▶ WHAT YOU NEED TO DO: Lines from the one with "Храм Великомученика Георгия" to the end of the material, both included: print them exactly and print nothing else. Omit the pictures.

##### GIVEN INFORMATION #####

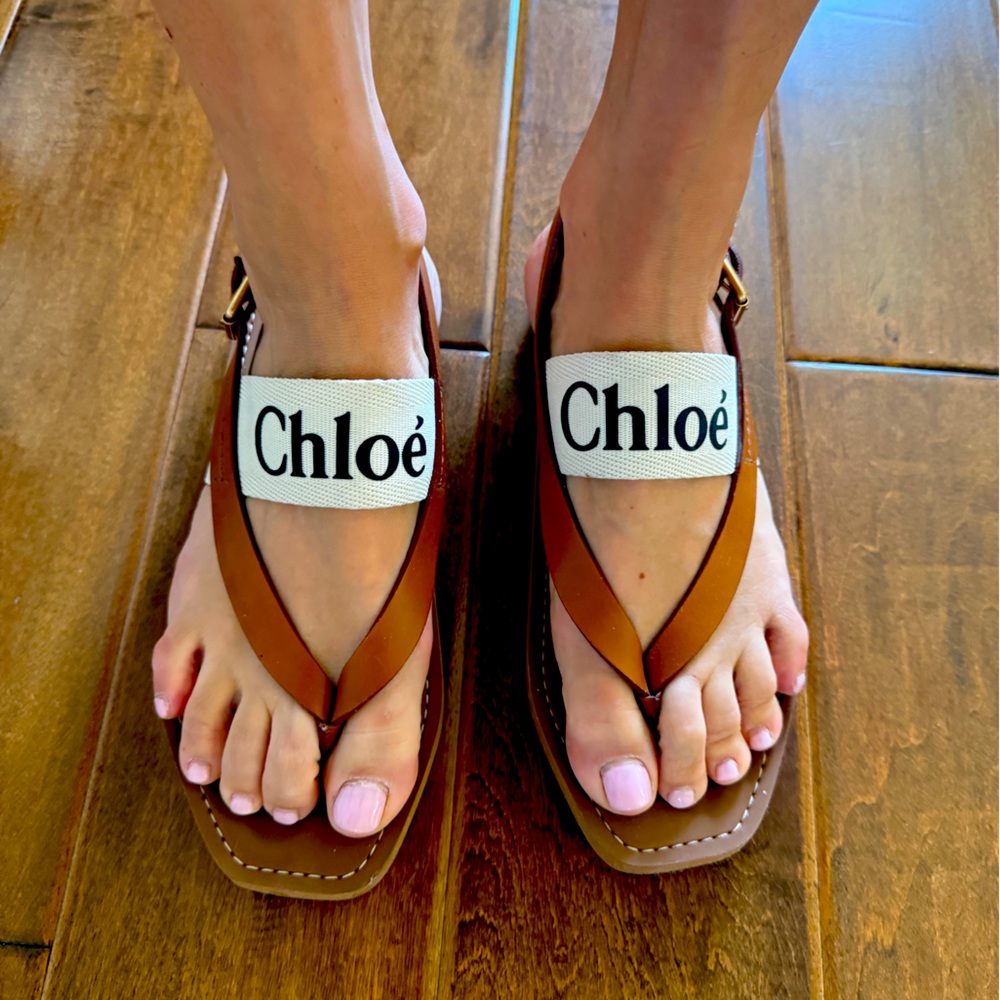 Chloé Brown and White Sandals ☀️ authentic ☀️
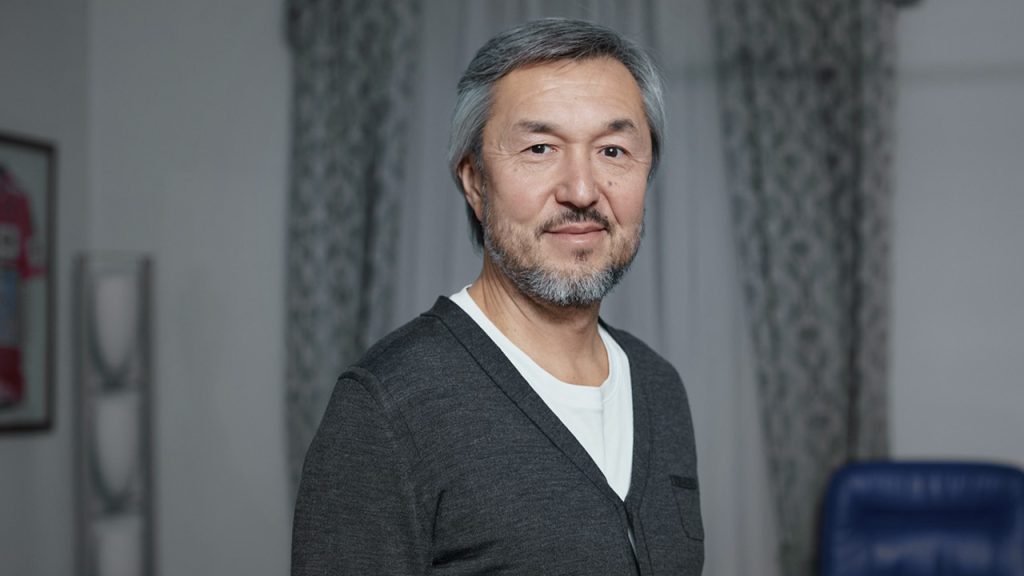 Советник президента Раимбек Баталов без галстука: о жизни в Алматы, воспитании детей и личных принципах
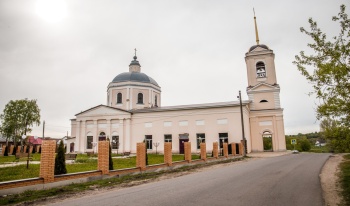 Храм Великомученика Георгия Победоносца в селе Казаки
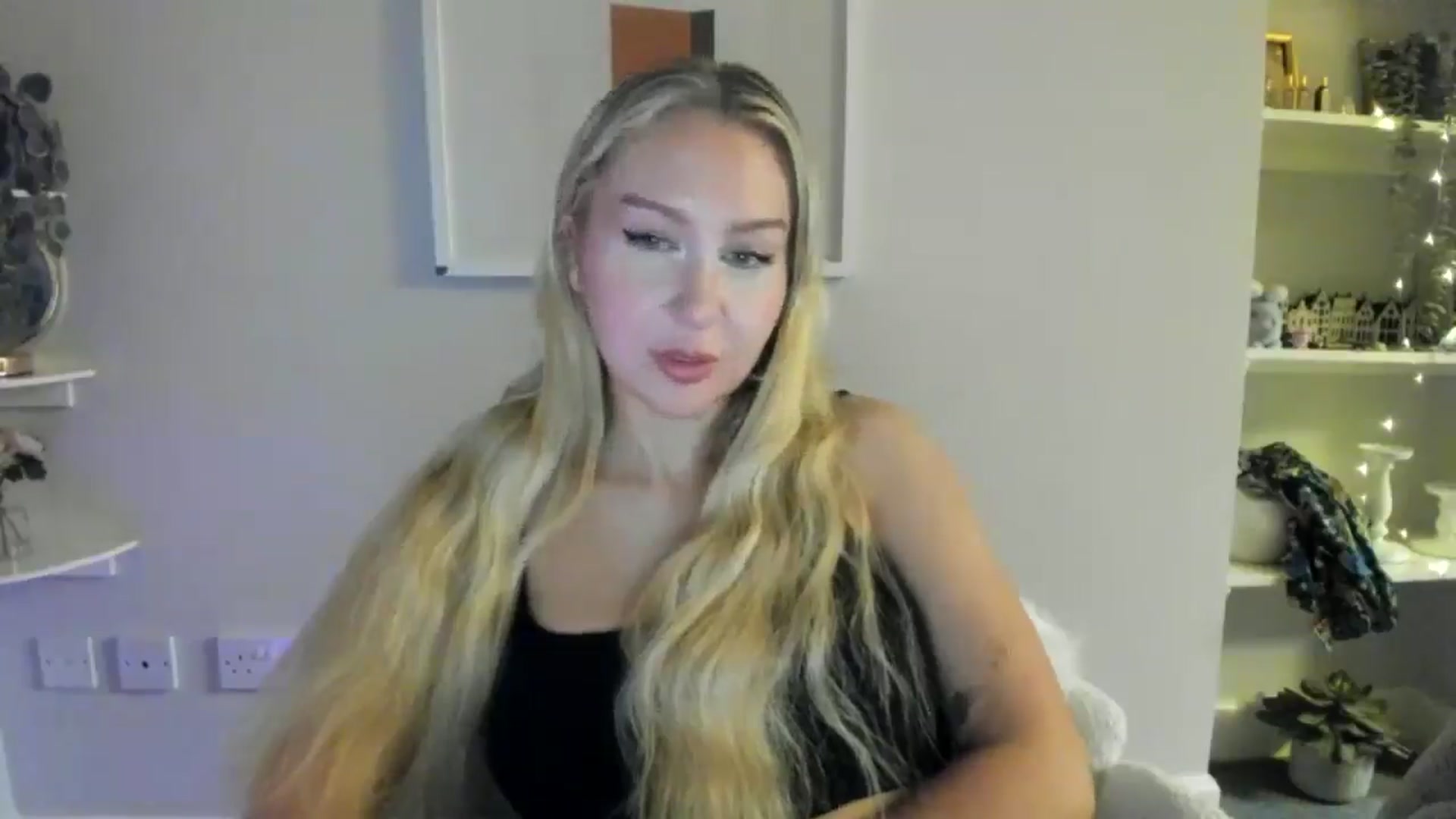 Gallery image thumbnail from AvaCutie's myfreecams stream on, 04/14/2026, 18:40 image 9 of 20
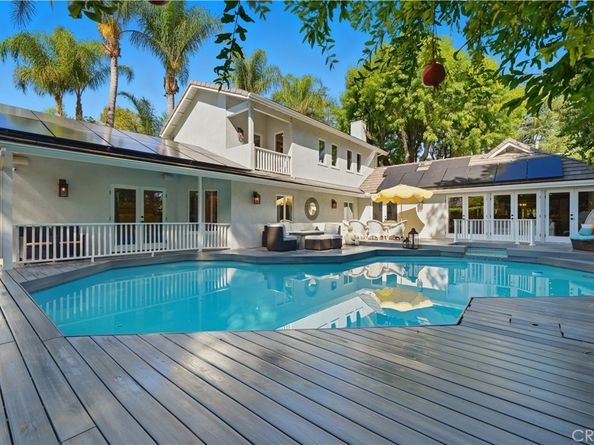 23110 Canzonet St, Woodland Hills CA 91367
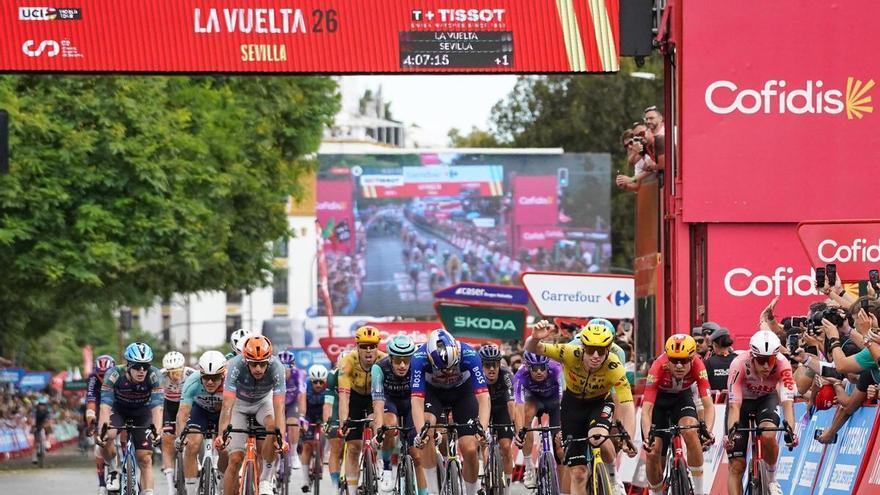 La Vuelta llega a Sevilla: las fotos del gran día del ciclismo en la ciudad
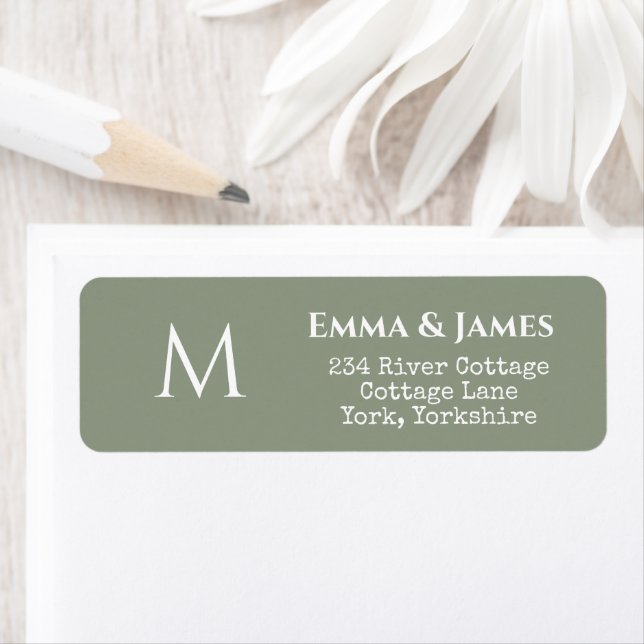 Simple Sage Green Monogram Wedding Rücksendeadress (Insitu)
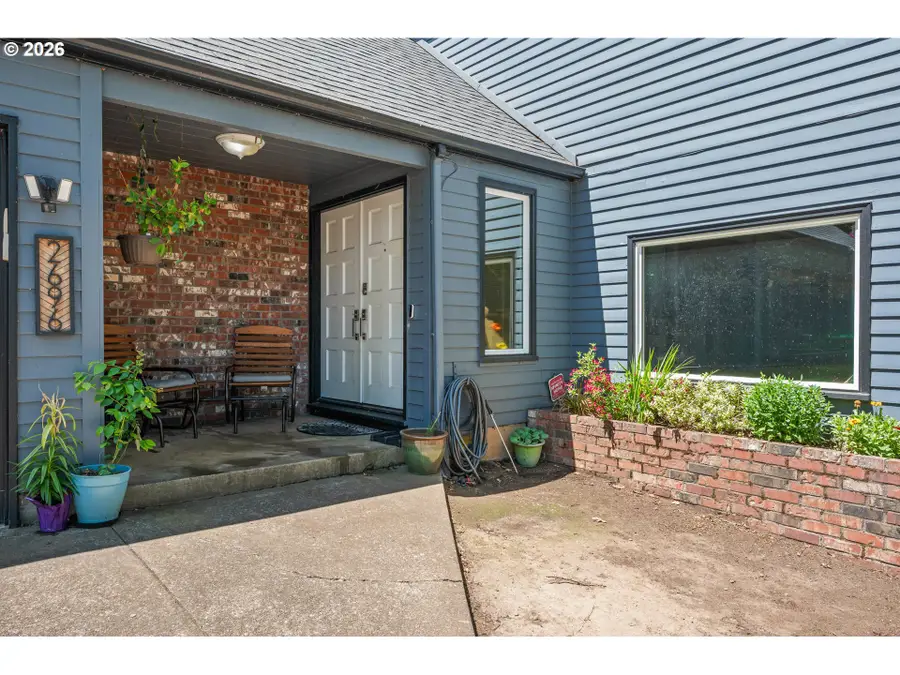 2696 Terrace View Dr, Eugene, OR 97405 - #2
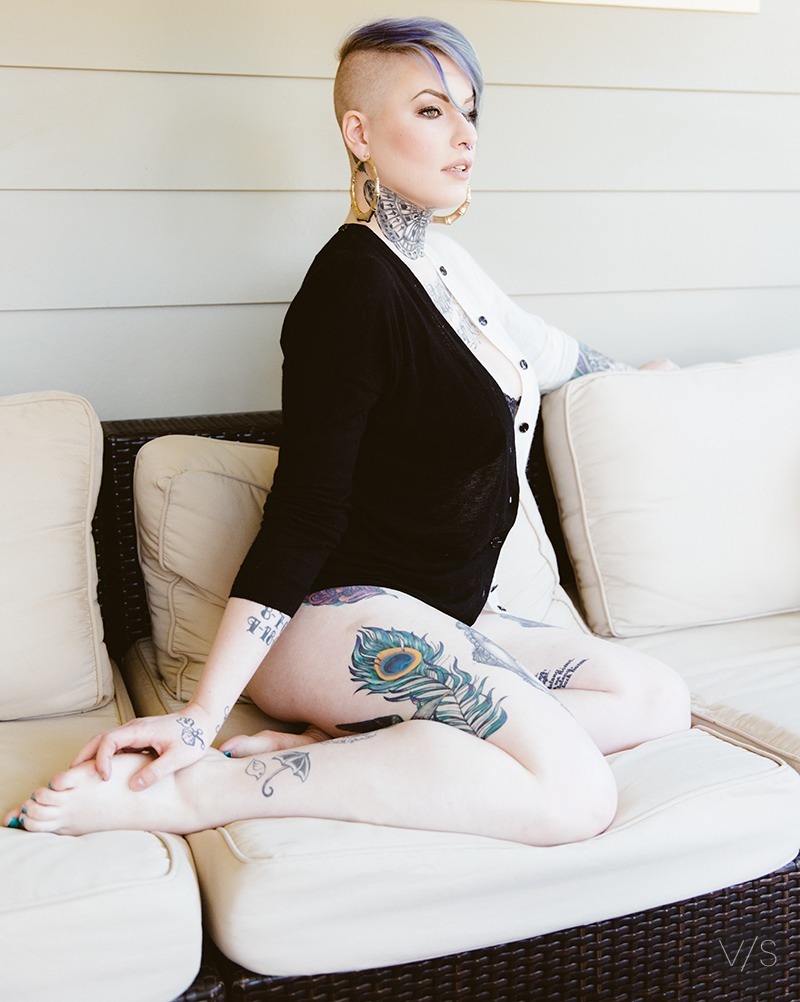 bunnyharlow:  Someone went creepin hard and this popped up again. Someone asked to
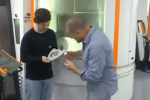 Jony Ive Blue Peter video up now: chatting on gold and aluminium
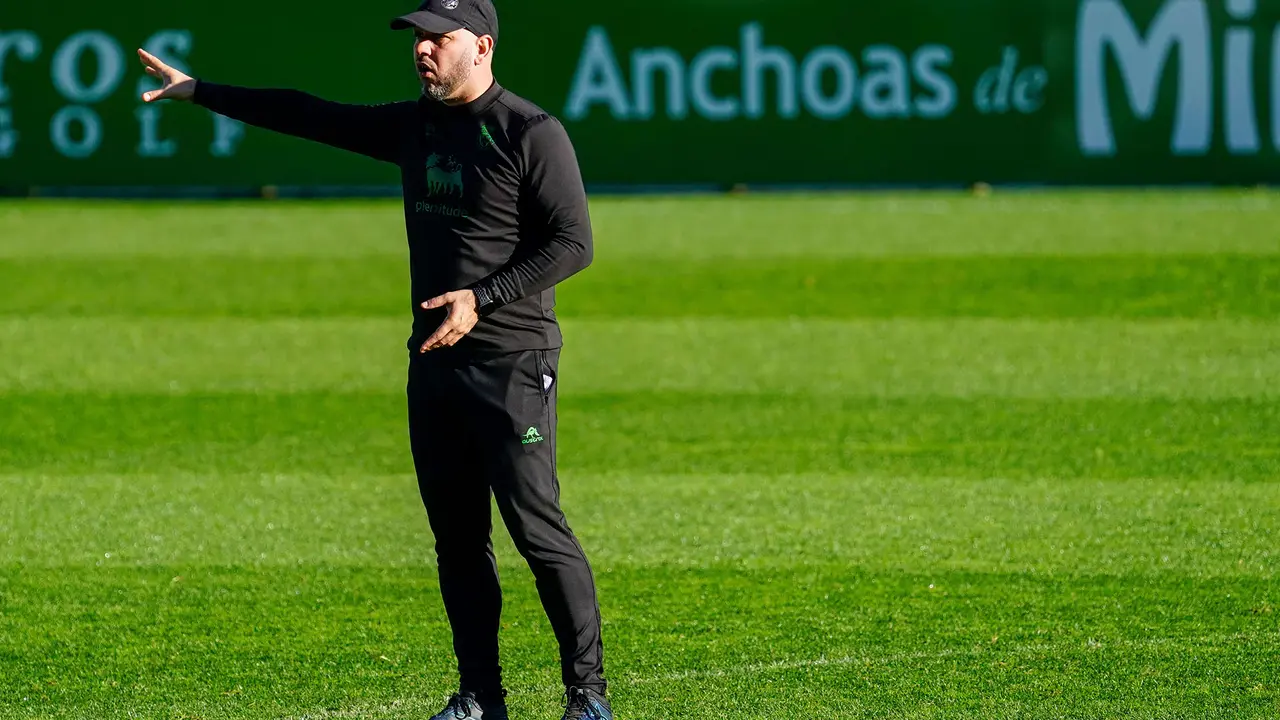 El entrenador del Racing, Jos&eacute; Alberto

#####

▶ TASK RESULT:
 Храм Великомученика Георгия Победоносца в селе Казаки
 Gallery image thumbnail from AvaCutie's myfreecams stream on, 04/14/2026, 18:40 image 9 of 20
 23110 Canzonet St, Woodland Hills CA 91367
 La Vuelta llega a Sevilla: las fotos del gran día del ciclismo en la ciudad
 Simple Sage Green Monogram Wedding Rücksendeadress (Insitu)
 2696 Terrace View Dr, Eugene, OR 97405 - #2
 bunnyharlow:  Someone went creepin hard and this popped up again. Someone asked to
 Jony Ive Blue Peter video up now: chatting on gold and aluminium
 El entrenador del Racing, Jos&eacute; Alberto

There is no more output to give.